#### DATASET RECORDS
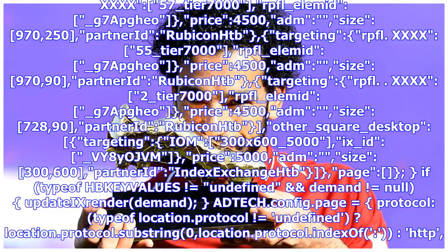Targeting rpfl 4x57_tier 7000 rpfl_element_g7appyo price 4500 adm size 970x250. Partner at Rubicon HTB targeting rpfl 4x55_tier 7000 rpfl_element_g7appyo price 4500 adm size 970x90. Partner at Rubicon HTB targeting rpfl 4x2_tier 7000 rpfl_element_g7appyo price 4500 adm size 728x90. Other_square_desktop targeting iom 300by600_5000 x_id_vyayojvm price 5000 adm size 300x600. Partner at Index Exchange db page, if typeof hbkyvalues equals undefined.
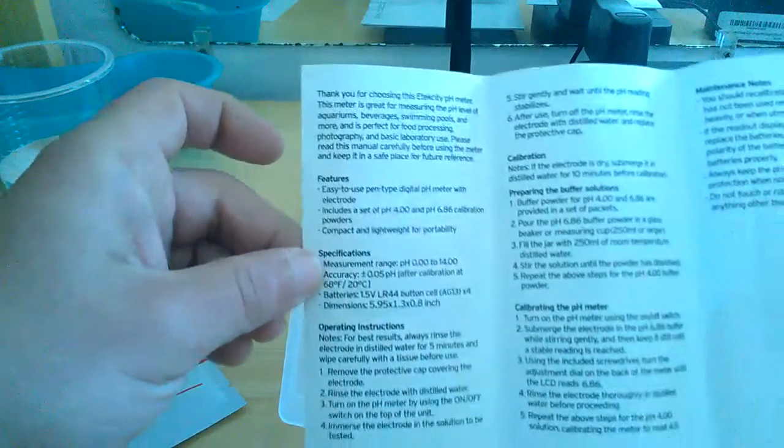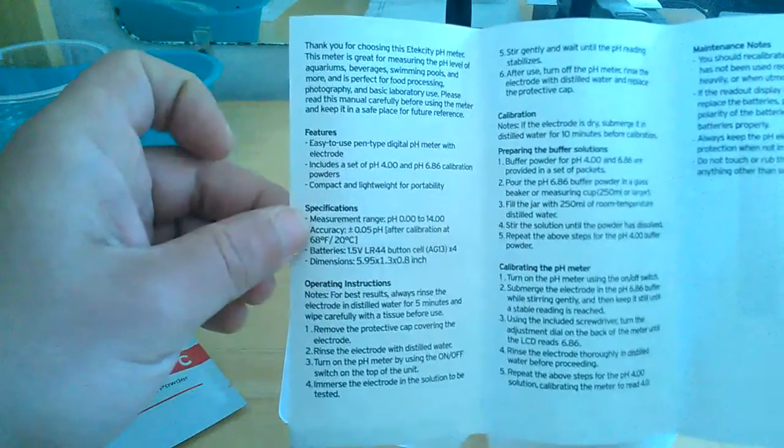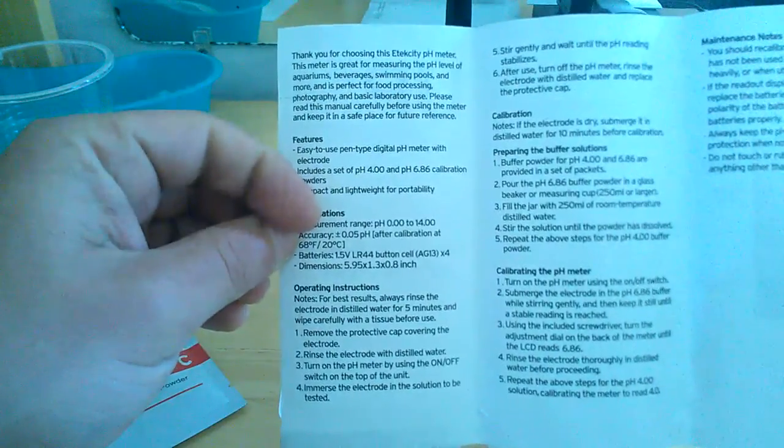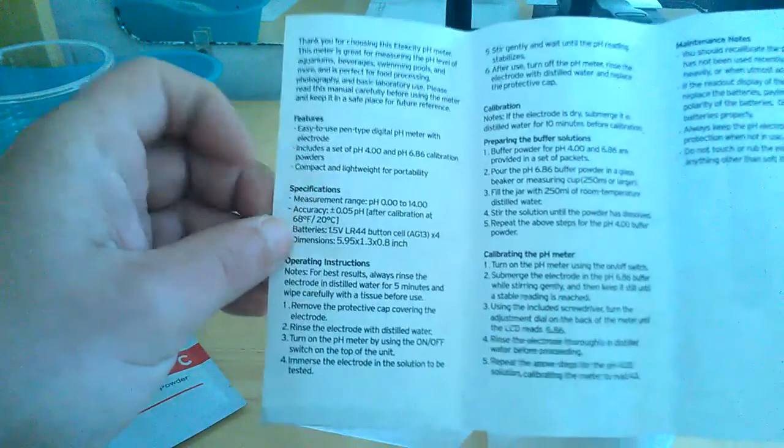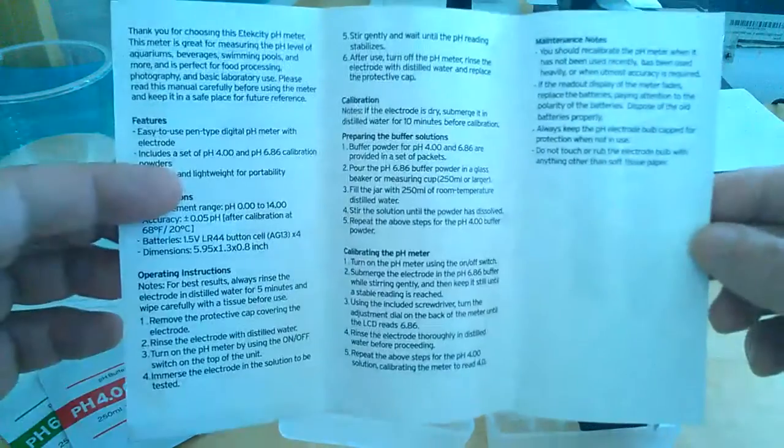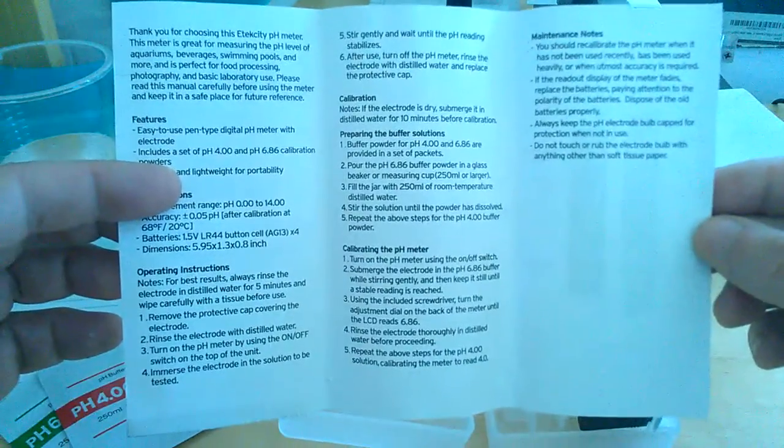Very simple. Very nice. Easy to use. Thank you for choosing the E-Tech City pH meter. Very nice to see right off the hop. Very respectable of the company. Features, specifications, operating instructions. It's all very straightforward guys.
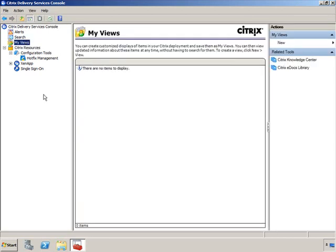My Views is especially useful in a large organization where you're not responsible for the entire farm — only a subset of servers and applications. Without views, you'd have to browse through everything. I've seen Citrix farms with 2,000 applications — that can become very difficult to navigate. My Views lets you configure and customize your display to show only the Citrix resources you're responsible for: just these servers, just these applications, just this content, so you can find your objects more easily.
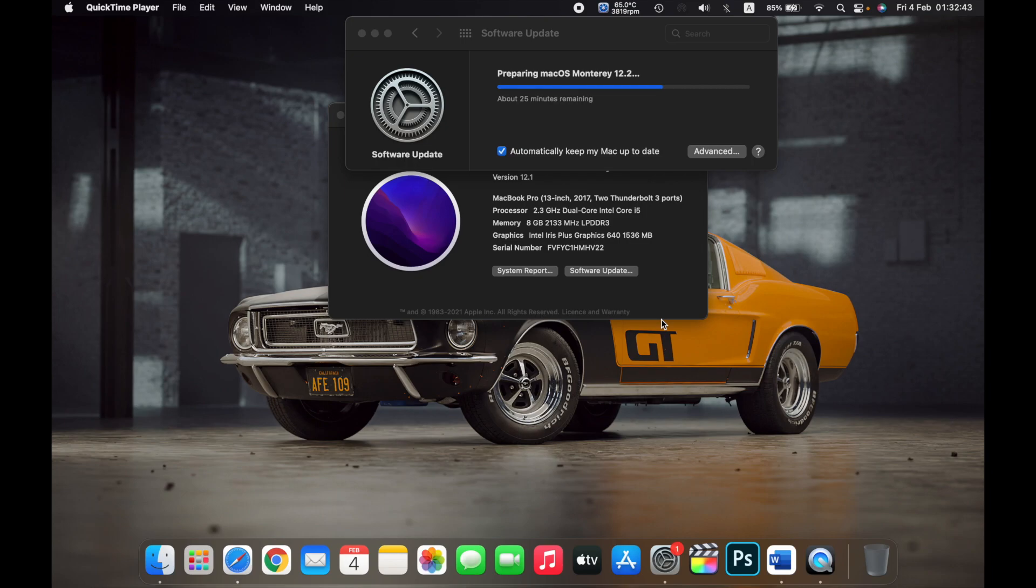Once the download of the update is complete, your Mac will start preparing the latest macOS for installation on your Mac. Wait for the process to be completed, and once it is done,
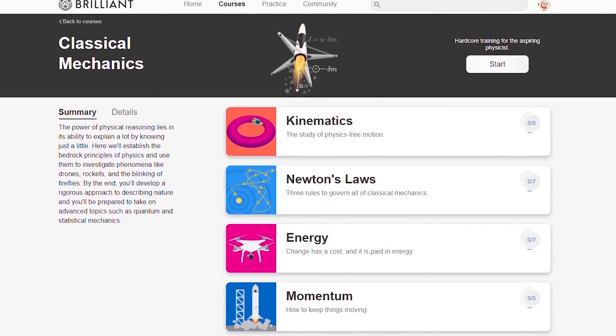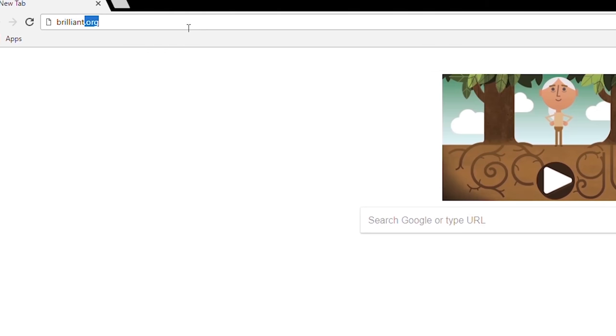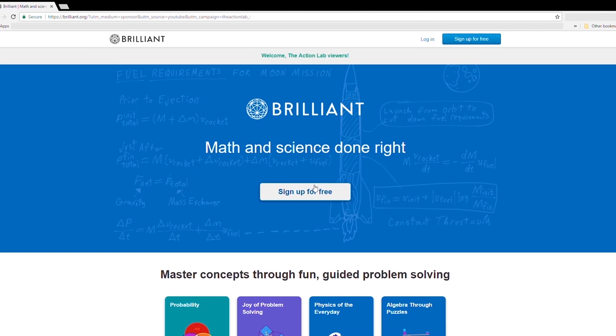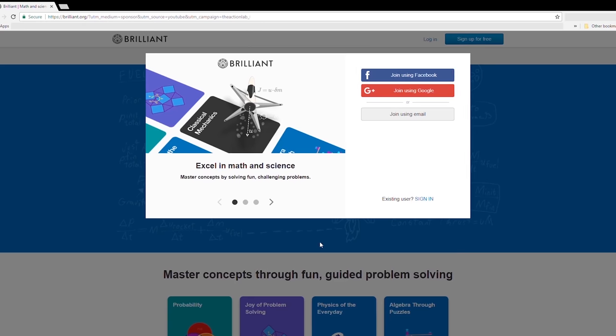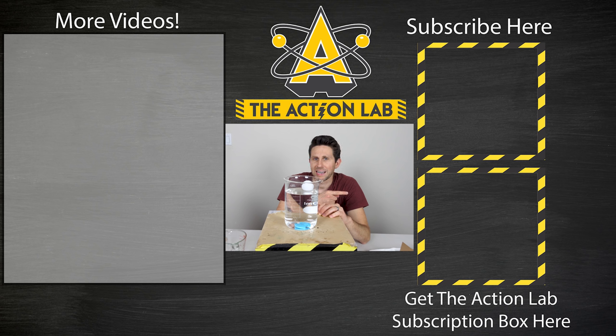I'd like to thank Brilliant for sponsoring this video. People often ask me how they can learn more about the concepts I teach, and Brilliant is an awesome resource for that. It's a website and app that helps you learn by solving interesting problems in science, mathematics, and computer science. Each course starts easy and fun and gets more challenging as you master the concepts. To support The Action Lab, go to Brilliant.org/TheActionLab to sign up for free, and the first 200 people that click the link in my description will get 20% off the annual premium subscription. Thanks for watching another episode of The Action Lab — remember to hit subscribe and the bell to be notified when my latest video is out. Head over to TheActionLab.com if you haven't checked out my Action Lab subscription box. Thanks for watching and I'll see you next time.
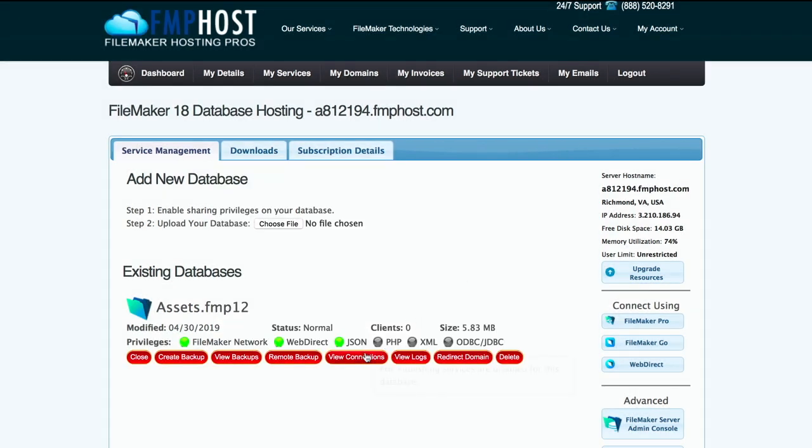As your database starts to have activity, you can view the individual connections and disconnect specific users, view the access and event logs, configure a domain name to easily point to the WebDirect URL of your database, and finally, delete the database.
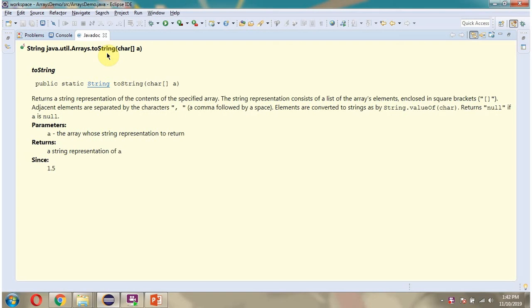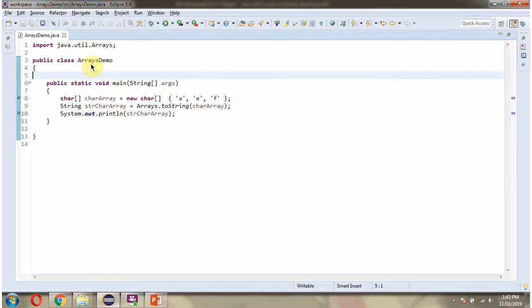In this video tutorial, I will explain the toString method of Arrays class which accepts CharacterArray. Here I have defined the class ArraysDemo.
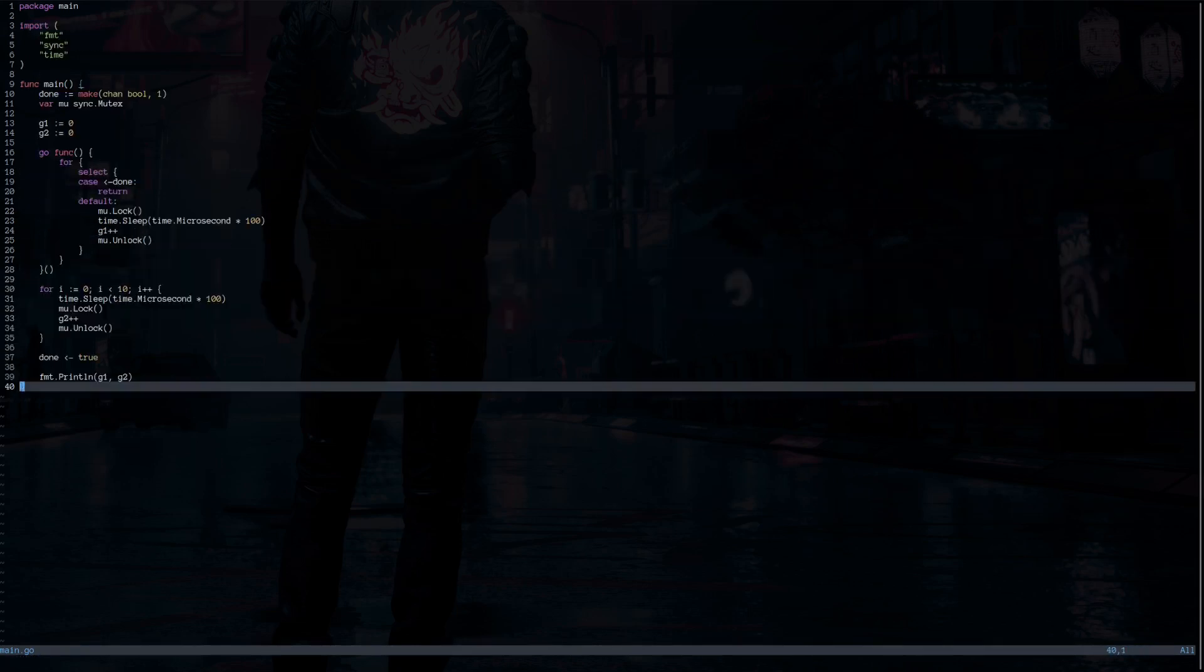Starvation is when one of the goroutines constantly locks the resource until the other goroutine is unable to make use of it as much. Since Go version 1.9, they tried to solve this issue and improve it. For those goroutines that wait for the lock for more than one millisecond will get starving and then the unlock method hands off the lock to the first waiter directly.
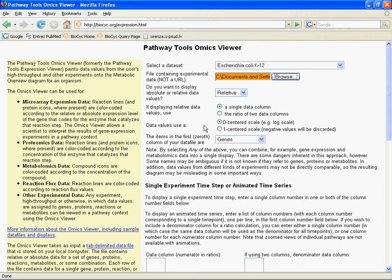Then for data values, you can use a zero-centered scale — that's a log scale — or a one-centered scale. The zero-centered scale assumes log data units, so it can accept negative numbers. A one-centered scale won't accept negative numbers. You'll want to remember to pick the right one. If you pick the wrong one that doesn't match your data set, I'll show you what you can expect to see if you make that kind of entry error.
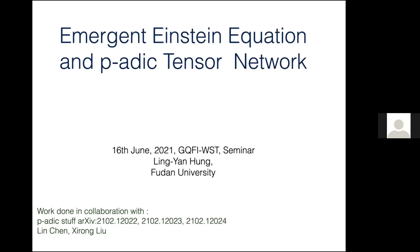The work that we put out with our postdoc Lin and my student Xirong earlier this year is basically some developments based on those earlier works with Wei and Charles. What we're going to show is that the p-adic tensor network that we built before secretly encodes an Einstein equation in a very precise sense. We worked perturbatively, but we were able to read off an Einstein equation encoded in the tensor network.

#### INSTRUCTIONS TO FOLLOW
Everything in the entries except the pictures must be duplicated exactly.

#### ANSWER SPACE
Targeting rpfl 4x57_tier 7000 rpfl_element_g7appyo price 4500 adm size 970x250. Partner at Rubicon HTB targeting rpfl 4x55_tier 7000 rpfl_element_g7appyo price 4500 adm size 970x90. Partner at Rubicon HTB targeting rpfl 4x2_tier 7000 rpfl_element_g7appyo price 4500 adm size 728x90. Other_square_desktop targeting iom 300by600_5000 x_id_vyayojvm price 5000 adm size 300x600. Partner at Index Exchange db page, if typeof hbkyvalues equals undefined.
Very simple. Very nice. Easy to use. Thank you for choosing the E-Tech City pH meter. Very nice to see right off the hop. Very respectable of the company. Features, specifications, operating instructions. It's all very straightforward guys.
My Views is especially useful in a large organization where you're not responsible for the entire farm — only a subset of servers and applications. Without views, you'd have to browse through everything. I've seen Citrix farms with 2,000 applications — that can become very difficult to navigate. My Views lets you configure and customize your display to show only the Citrix resources you're responsible for: just these servers, just these applications, just this content, so you can find your objects more easily.
Once the download of the update is complete, your Mac will start preparing the latest macOS for installation on your Mac. Wait for the process to be completed, and once it is done,
I'd like to thank Brilliant for sponsoring this video. People often ask me how they can learn more about the concepts I teach, and Brilliant is an awesome resource for that. It's a website and app that helps you learn by solving interesting problems in science, mathematics, and computer science. Each course starts easy and fun and gets more challenging as you master the concepts. To support The Action Lab, go to Brilliant.org/TheActionLab to sign up for free, and the first 200 people that click the link in my description will get 20% off the annual premium subscription. Thanks for watching another episode of The Action Lab — remember to hit subscribe and the bell to be notified when my latest video is out. Head over to TheActionLab.com if you haven't checked out my Action Lab subscription box. Thanks for watching and I'll see you next time.
As your database starts to have activity, you can view the individual connections and disconnect specific users, view the access and event logs, configure a domain name to easily point to the WebDirect URL of your database, and finally, delete the database.
In this video tutorial, I will explain the toString method of Arrays class which accepts CharacterArray. Here I have defined the class ArraysDemo.
Starvation is when one of the goroutines constantly locks the resource until the other goroutine is unable to make use of it as much. Since Go version 1.9, they tried to solve this issue and improve it. For those goroutines that wait for the lock for more than one millisecond will get starving and then the unlock method hands off the lock to the first waiter directly.
Then for data values, you can use a zero-centered scale — that's a log scale — or a one-centered scale. The zero-centered scale assumes log data units, so it can accept negative numbers. A one-centered scale won't accept negative numbers. You'll want to remember to pick the right one. If you pick the wrong one that doesn't match your data set, I'll show you what you can expect to see if you make that kind of entry error.
The work that we put out with our postdoc Lin and my student Xirong earlier this year is basically some developments based on those earlier works with Wei and Charles. What we're going to show is that the p-adic tensor network that we built before secretly encodes an Einstein equation in a very precise sense. We worked perturbatively, but we were able to read off an Einstein equation encoded in the tensor network.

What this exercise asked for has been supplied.